┌──

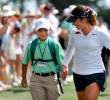 María José Marín junto a su hermano Emilio durante el recorrido tras coronarse campeona del Augusta, rumbo a la premiación. FOTO GETTY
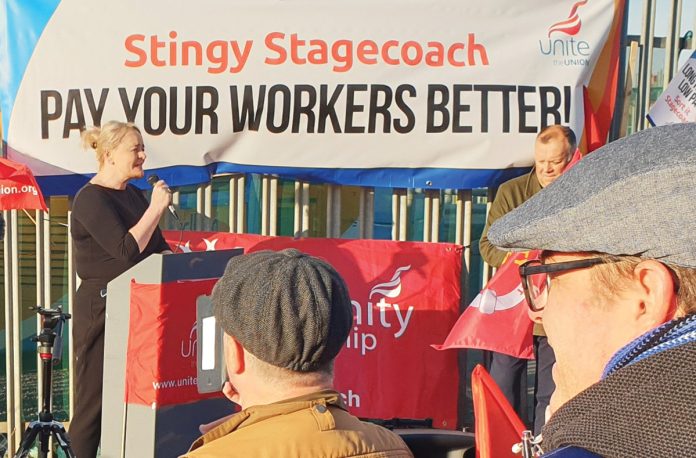 Sharron Graham-speaking-to-Hull-Stagecoach--Janet-G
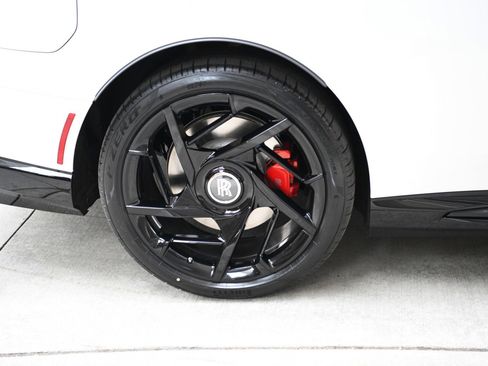 Certified 2025 Rolls-Royce Spectre Black Badge image 23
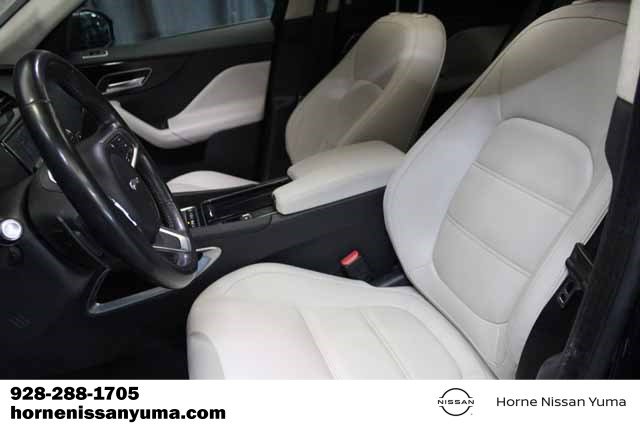 Used 2020 Jaguar F-PACE Prestige image 4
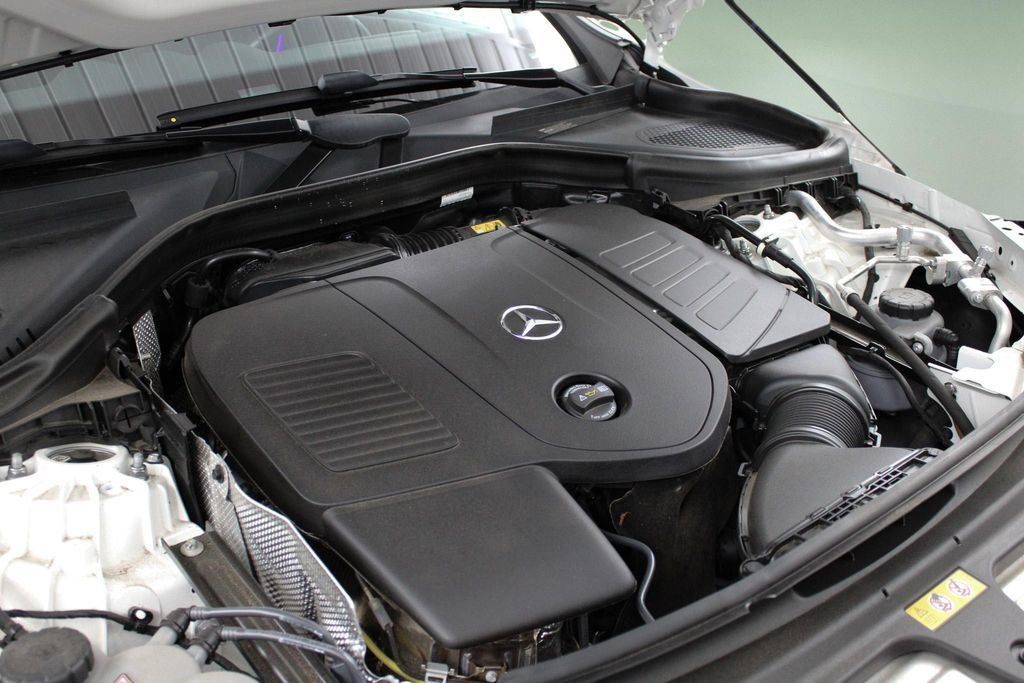 Used 2025 Mercedes-Benz GLC 300 4MATIC image 39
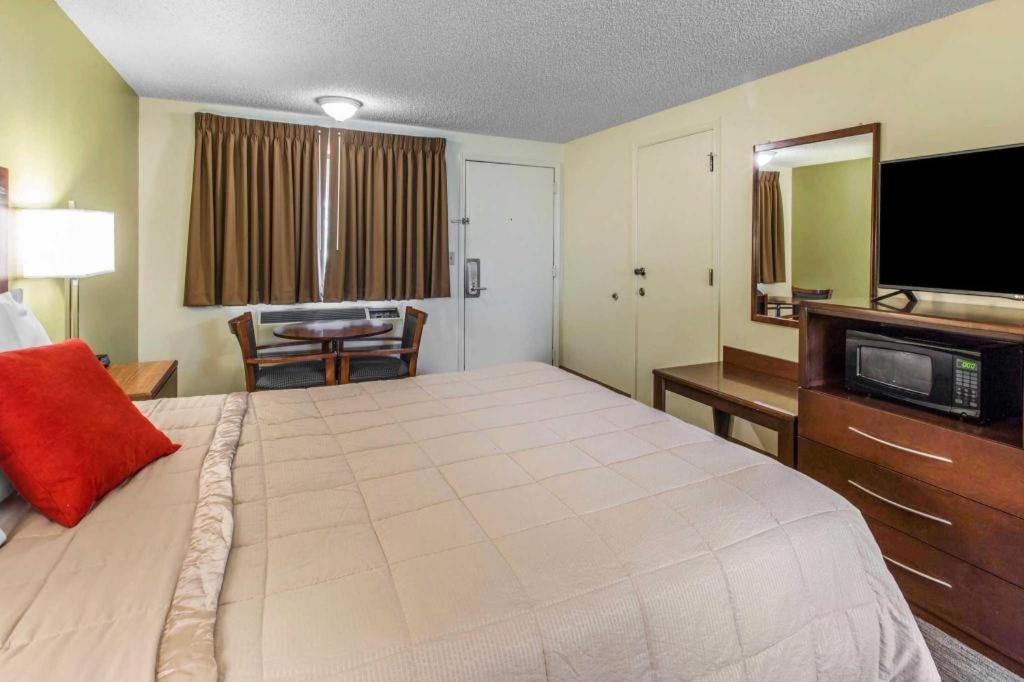 Rodeway Inn Гленвуд Спрингс Экстерьер фото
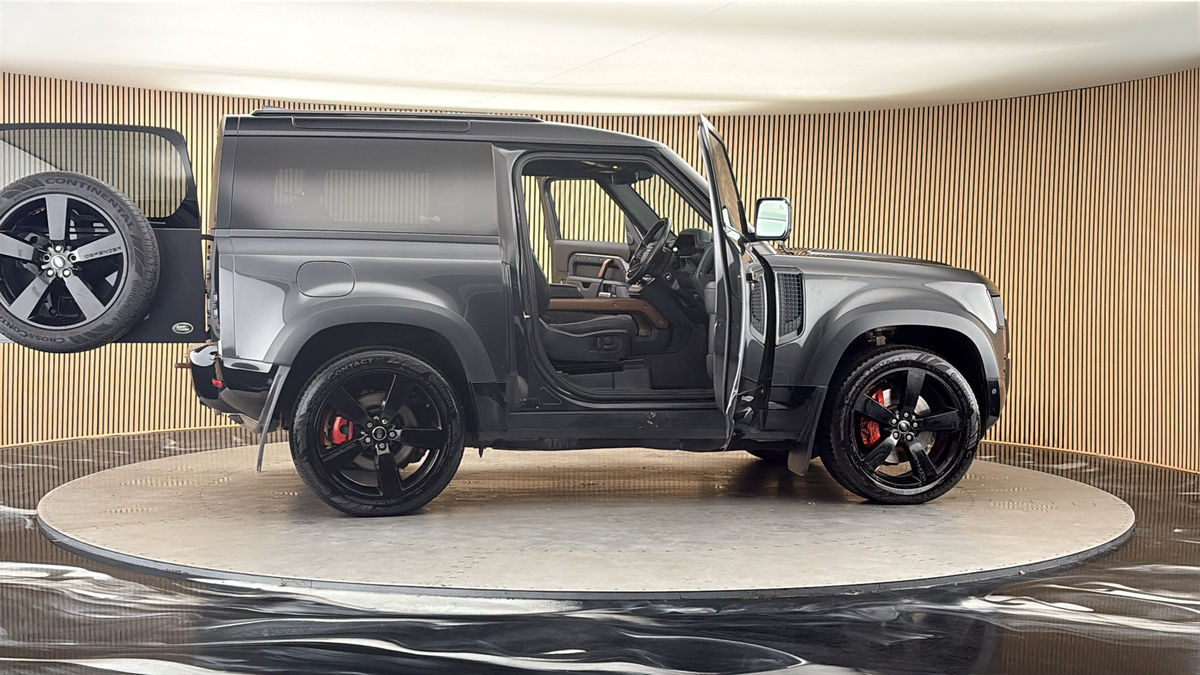 More views of Land Rover Defender 90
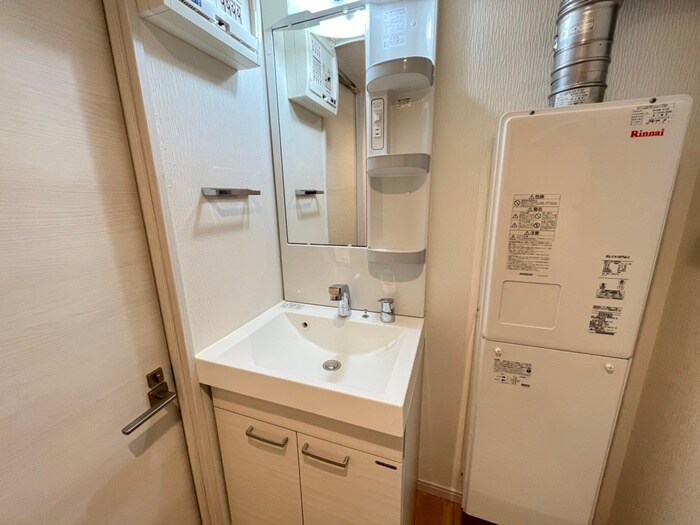 物件内観写真12　(洗面)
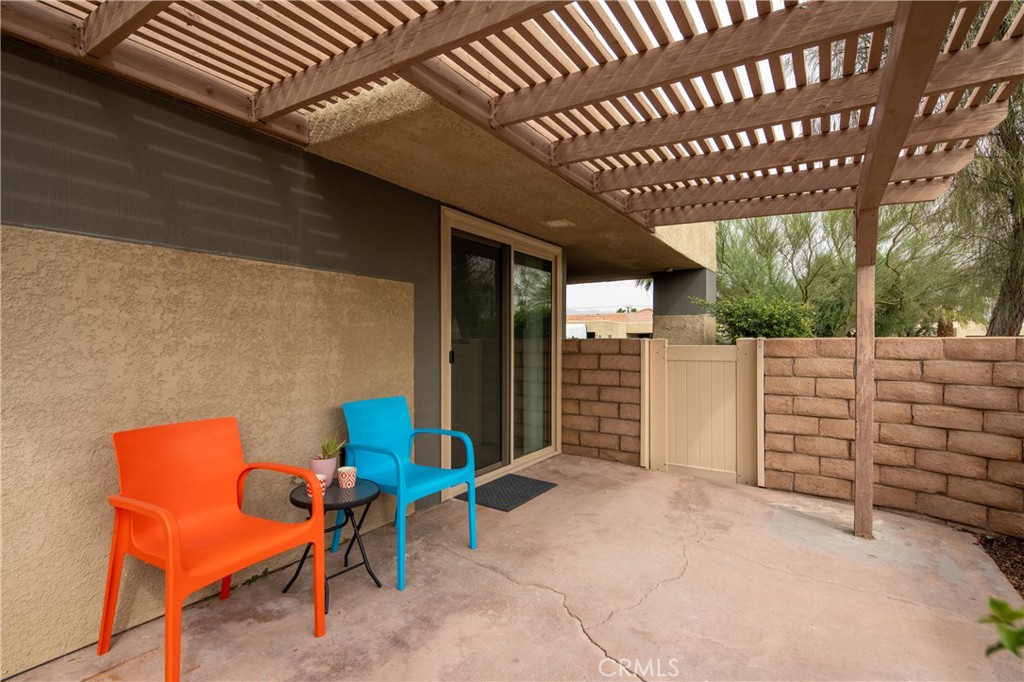 1457 Sunflower Circle N Property Photo 33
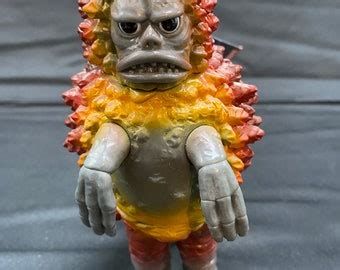 NEW W tagbandai Ultraman Ultra Monster kaijū Dada Soft Vinyl Figure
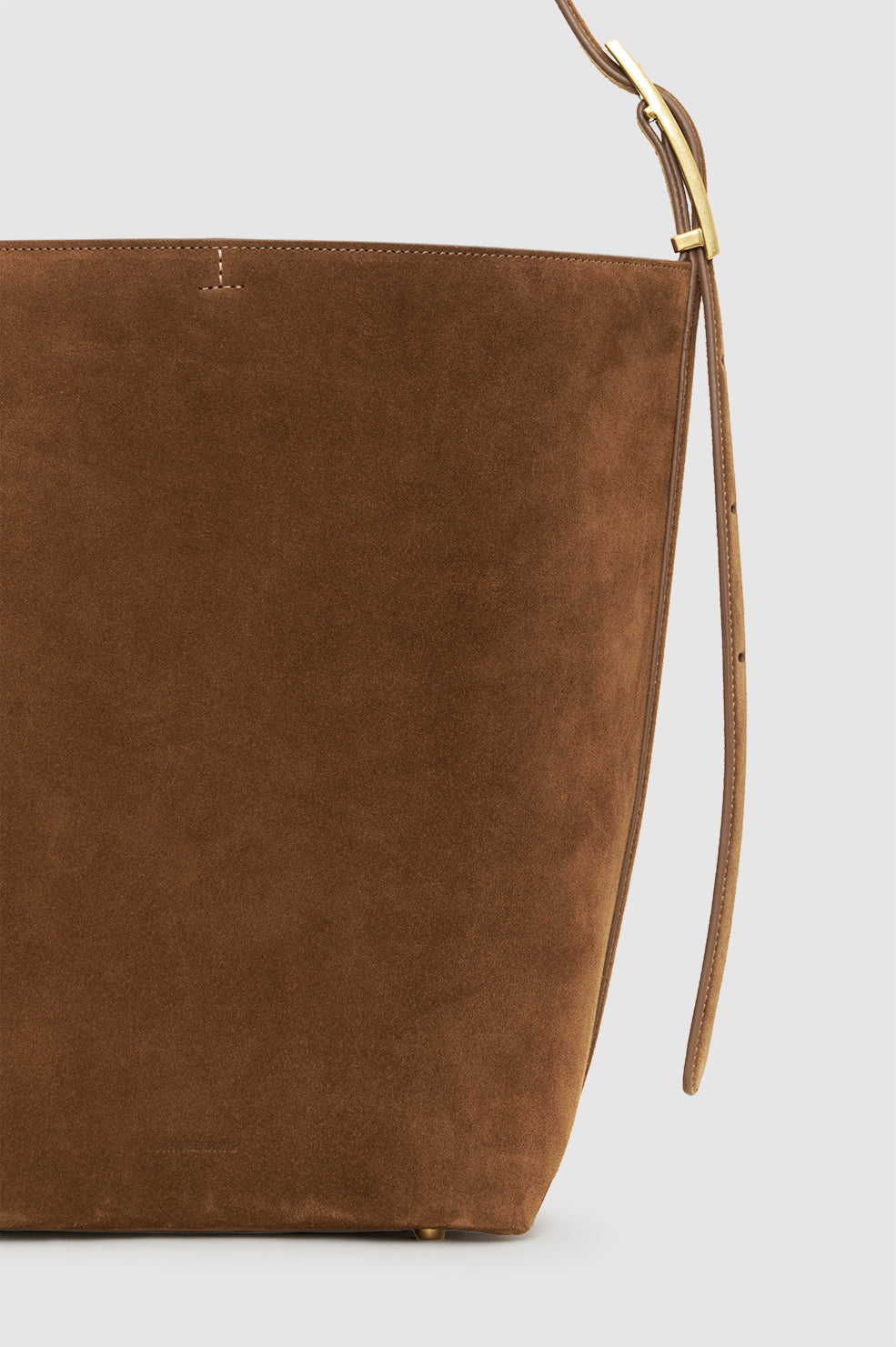 tobacco bucket Toscanella Micro Mini Convertible Leather Bag Yellow Imagine pairing the smoked meat with a glass of your favorite whiskey Elly Bucket bag in Tobacco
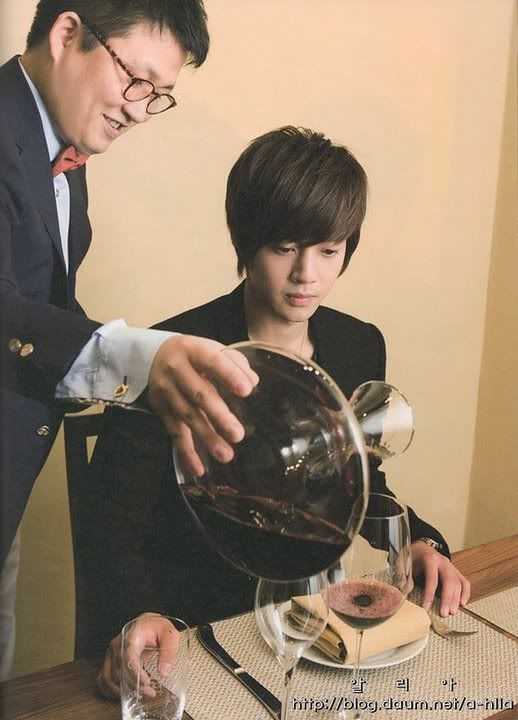 [scans] Kim Hyun Joong ~ Wine and People Book 185242_263967986962778_231614143531496_1147670_5254977_n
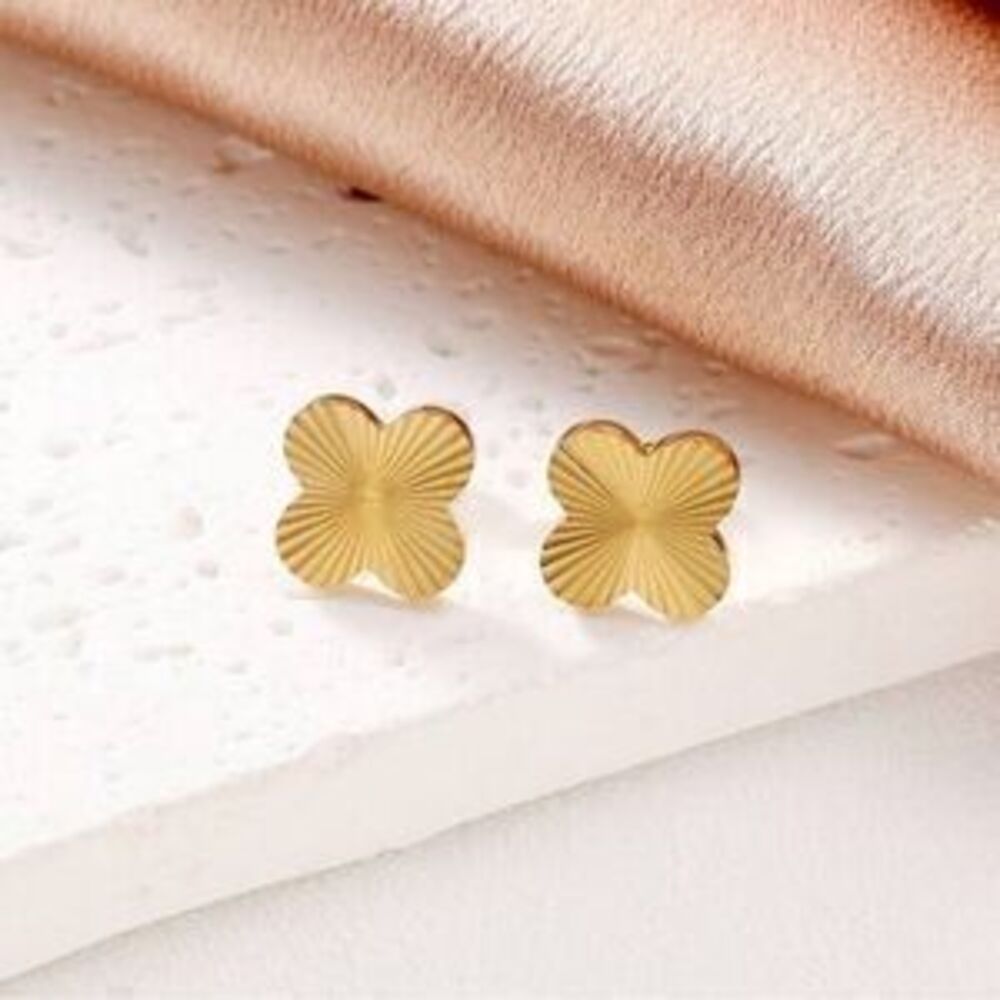 Gold Plated Clover Stud Earrings C Simple Everyday Dainty Minimalist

└──

WORK TASK — Copy all of the listing word for word, minus the images.

YOUR RESPONSE —
 María José Marín junto a su hermano Emilio durante el recorrido tras coronarse campeona del Augusta, rumbo a la premiación. FOTO GETTY
 Sharron Graham-speaking-to-Hull-Stagecoach--Janet-G
 Certified 2025 Rolls-Royce Spectre Black Badge image 23
 Used 2020 Jaguar F-PACE Prestige image 4
 Used 2025 Mercedes-Benz GLC 300 4MATIC image 39
 Rodeway Inn Гленвуд Спрингс Экстерьер фото
 More views of Land Rover Defender 90
 物件内観写真12　(洗面)
 1457 Sunflower Circle N Property Photo 33
 NEW W tagbandai Ultraman Ultra Monster kaijū Dada Soft Vinyl Figure
 tobacco bucket Toscanella Micro Mini Convertible Leather Bag Yellow Imagine pairing the smoked meat with a glass of your favorite whiskey Elly Bucket bag in Tobacco
 [scans] Kim Hyun Joong ~ Wine and People Book 185242_263967986962778_231614143531496_1147670_5254977_n
 Gold Plated Clover Stud Earrings C Simple Everyday Dainty Minimalist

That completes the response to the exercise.